De nouveaux types de services
Le principe en est simple : des capteurs et automates placés sur les composants du circuit de l'eau – osmoseurs, tours aéroréfrigérantes (TAR), chaudières à vapeur, réservoirs, STEP… – envoient sous forme numérique des données d'état des appareils et des paramètres de l'eau à un boîtier communicant relié à Internet. Arrivées sur la plateforme du fournisseur, en général stockées sur un Cloud sécurisé, ces données sont analysées et traitées automatiquement par des algorithmes, puis reviennent à l'industriel sous forme de tableaux de bord, alarmes, historiques, rapports, benchmarks, etc. L’exploitant client peut à tout moment accéder à ces données interprétées par un portail Internet. Les offres les plus avancées comportent également la localisation d'éventuels problèmes ou défauts ouvrant la voie à une maintenance préventive. Sans compter le soutien des experts du fournisseur, qui ont eux aussi accès aux données si besoin.
D'un point de vue technique, la grande avancée repose sur le fait que la surveillance et l'analyse se font en temps réel, ou en tout cas selon des pas de temps de l'ordre de quelques dizaines de seconde ou une minute. « C'est essentiel car dans l'industrie, il existe parfois des phases opératoires de quelques minutes (lavage, pousse) qui impactent fortement le traitement de l'eau » souligne Cyrille Charpentier chez BWT, en charge du marché énergie et éco-industrie et chef du projet développement de Bluwell®.
Même son de cloche chez Patrice Hervé, responsable marketing chez Nalco Water : « quand on travaille sur des solutions complexes comme la réutilisation d'eau, on ne peut pas se permettre de ne pas savoir ce qui se passe pendant une semaine. Il faut automatiser complètement le circuit et le suivre en continu ».
« Nous installons aujourd’hui plus de capteurs connectés sur nos unités de traitement des eaux que par le passé et nous récupérons en conséquent de plus en plus de données, explique de son côté Nabil Mabrouk, directeur commercial de CMI Proserpol. La création de valeur à partir de ces données (par valeur j’entend une meilleure connaissance de procédé, une capacité prédictive des performances ou des dysfonctionnements) passe nécessairement par une collaboration étroite entre les experts en traitement des eaux et les experts en traitement des données ».

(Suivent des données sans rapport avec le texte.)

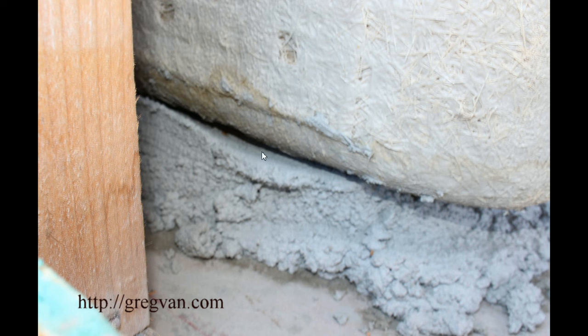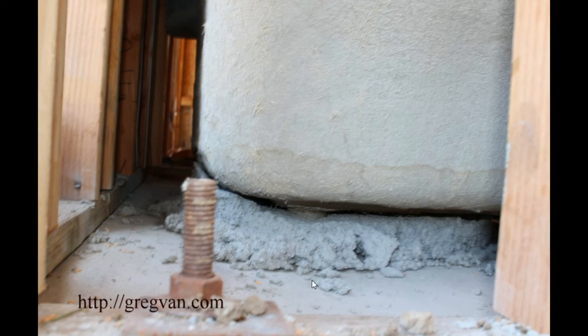You can see here where someone had pushed the tub in and set it, and it might have been tight at one time, but it dried or someone moved the tub. You cannot move the tubs. You can see that the gap is wide enough to where it's probably not doing much support at all.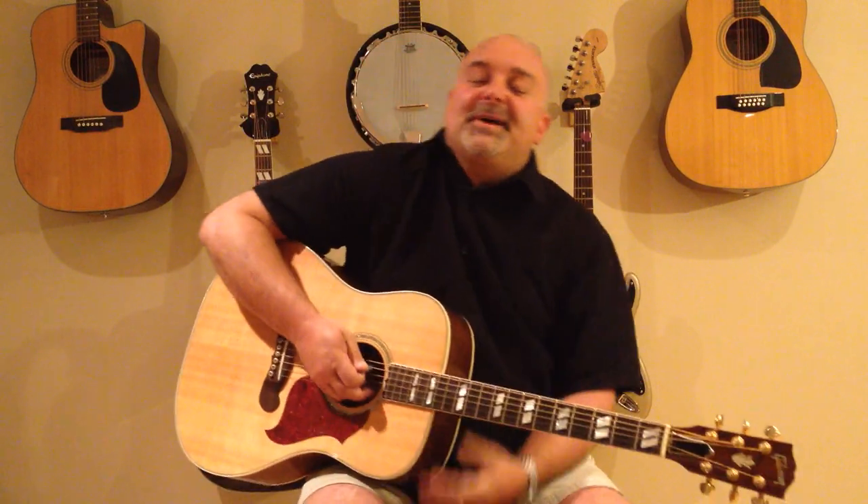Slip sliding away — Simon and Garfunkel. That's a great tune, I really like playing that one. I hope you guys enjoyed that. As always, if you have any questions or comments, by all means let me know — love hearing from you guys. And if you like what you see, subscribe, check out my channel, I've got all kinds of fun stuff over there. Thanks for tuning in, from Party Marty to Easy Guitar Tunes, and I hope to see you again soon. Take care.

« Nous avons la chance chez CMI (Cockerill Maintenance et Ingénierie) d’avoir ces compétences dans le groupe et nous essayons d’en tirer profil dans nos applications dans le traitement de l’eau. D’ailleurs une équipe de CMI basée en Belgique travaille sur un projet innovant, intitulé LifeNet et qui vise à connecter un réseau de capteurs intelligents placés en des points stratégiques d’un réseau de distribution d’eau potable afin de réaliser une surveillance active et intelligente de ce réseau ».
Deux communes pilotes ont été équipées par le système LifeNet. Les données collectées sont analysées en temps réel et mises en forme sur des écrans de visualisation afin d'apporter des informations utiles aux équipes en charge de maintenir le réseau.
Traiteurs d'eau : des offres assez comparables
Nalco Water, qui vend des services et des équipements de traitement de l'eau à différents secteurs industriels, développe sa solution 3D Trasar™ depuis une vingtaine d'années. Elle s'appuie sur une technologie originale et brevetée : l'utilisation de traceurs fluorescents, qui permettent de mesurer en continu la présence du produit de traitement dans le circuit. Mais grâce à la numérisation, Nalco Water met en place une nouvelle manière d'exploiter ces données : elles sont envoyées par Internet (via un gateway) et traitées par la plateforme informatique enVision de Nalco Water, puis renvoyées au client sous forme de courbes, graphes, alarmes, etc. « Le site enVision évolue : devenu très ouvert, il permettra de récupérer toutes sortes de données pour élaborer des indicateurs de performance, des cartographies de l'eau, etc... » annonce Patrice Hervé. Outre ses applications classiques (TAR, chaudières, osmoseurs…), Nalco Water développe actuellement des solutions dédiées à la gestion des aéroflotateurs en stations d’épuration, ainsi qu’à la déshydratation des boues. « Il faut y ajouter les pasteurisateurs et les autres équipements présents au niveau du process lui-même » tient à préciser Patrice Hervé. Ford, dont l'usine de Chicago consommait des quantités astronomiques d'eau, Samsung, qui remettait à niveau le système de refroidissement de son usine de microprocesseurs à Austin (Texas) ou Nestlé, pour réduire la consommation d'eau et d'énergie de son usine brésilienne de lait en poudre, ont par exemple récemment opté pour des solutions reposant sur la technologie 3D Trasar™.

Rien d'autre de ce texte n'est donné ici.